The Probate Process

Probate can be a lengthy process. The amount of time it takes to complete will depend on the complexity of the estate and whether or not any issues such as claims made by people who aren’t mentioned in the Will are raised at any point.

On average probate will take between six and nine months to complete, this can end up being substantially longer, however, if complications arise.

The best way to ensure that everything gets done quickly and efficiently, and that all foreseeable problems are prepared for, is to instruct a probate solicitor to take charge of the process.

Stages of Probate

There are four main stages in the probate process in the UK.

Inventory

First of all everything the deceased person owned needs to be gathered together and valued, so that the entire estates worth can be ascertained. This needs to be done for tax purposes and to ensure that nothing gets missed. Complications at this stage can occur if property is located abroad or if any assets mentioned in a Will cannot be found.

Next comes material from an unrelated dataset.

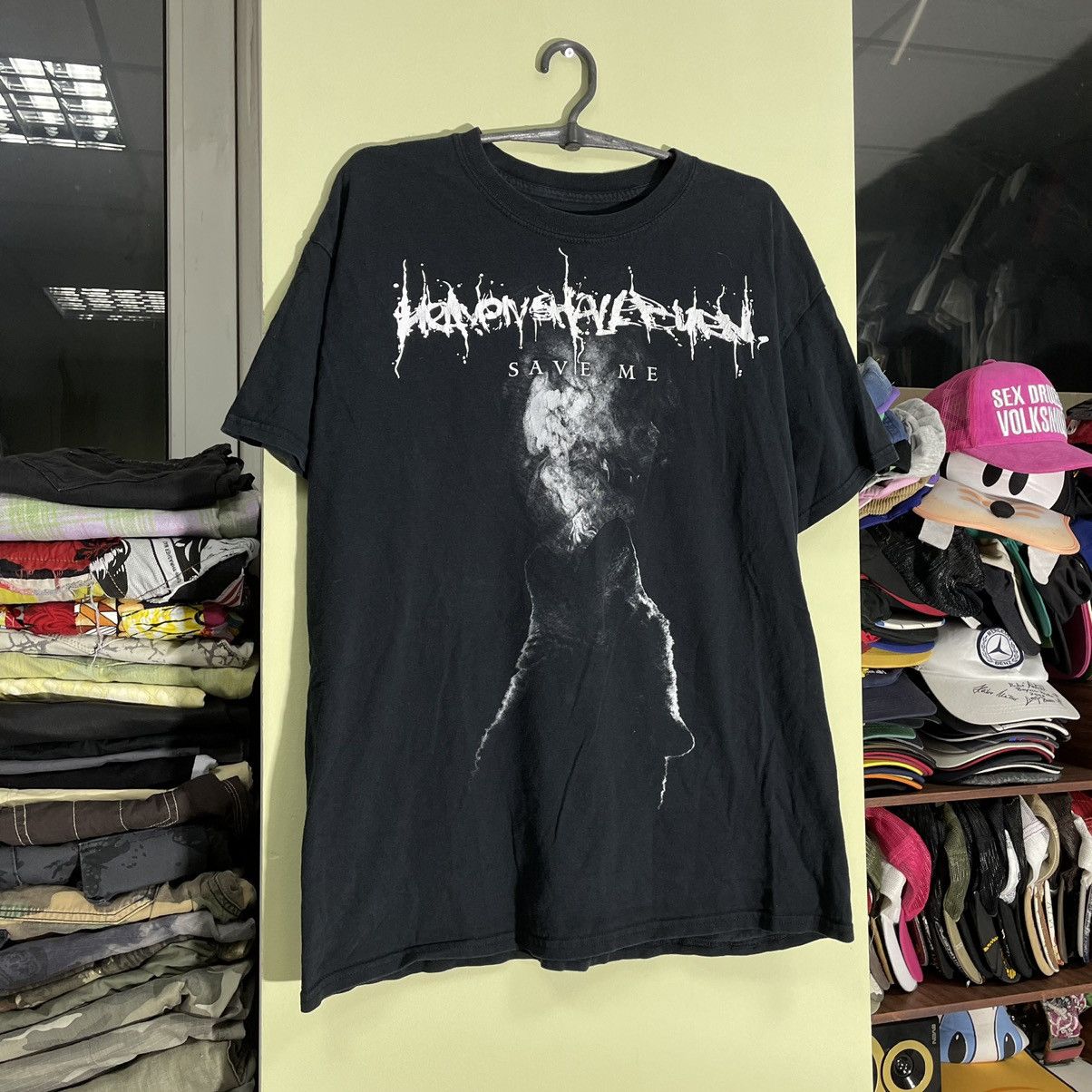 Vintage Vintage 90s Graphic Tee Dark Horror Aesthetic Grunge Slim XL Size US XL / EU 56 / 4 - 2 Thumbnail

Grant of Probate Application

Before access to bank and building society accounts or other private property will be granted the probate office needs to be satisfied that there is no fraud or other subversive activities going on.

They will need to see various documents and conduct a face to face interview with the applicant; once this is done they will issue a Grant of Representation, which gives the executor all the necessary authority.

Administration

Before the redistribution can begin, the affairs of the deceased person need to be put in order. Any debts must be settled and inheritance tax calculated and paid if necessary.

Redistribution

Finally, the property and possessions can be handed out to the people who are entitled to them. Executors must keep records of all payments and transfers made to avoid future problems.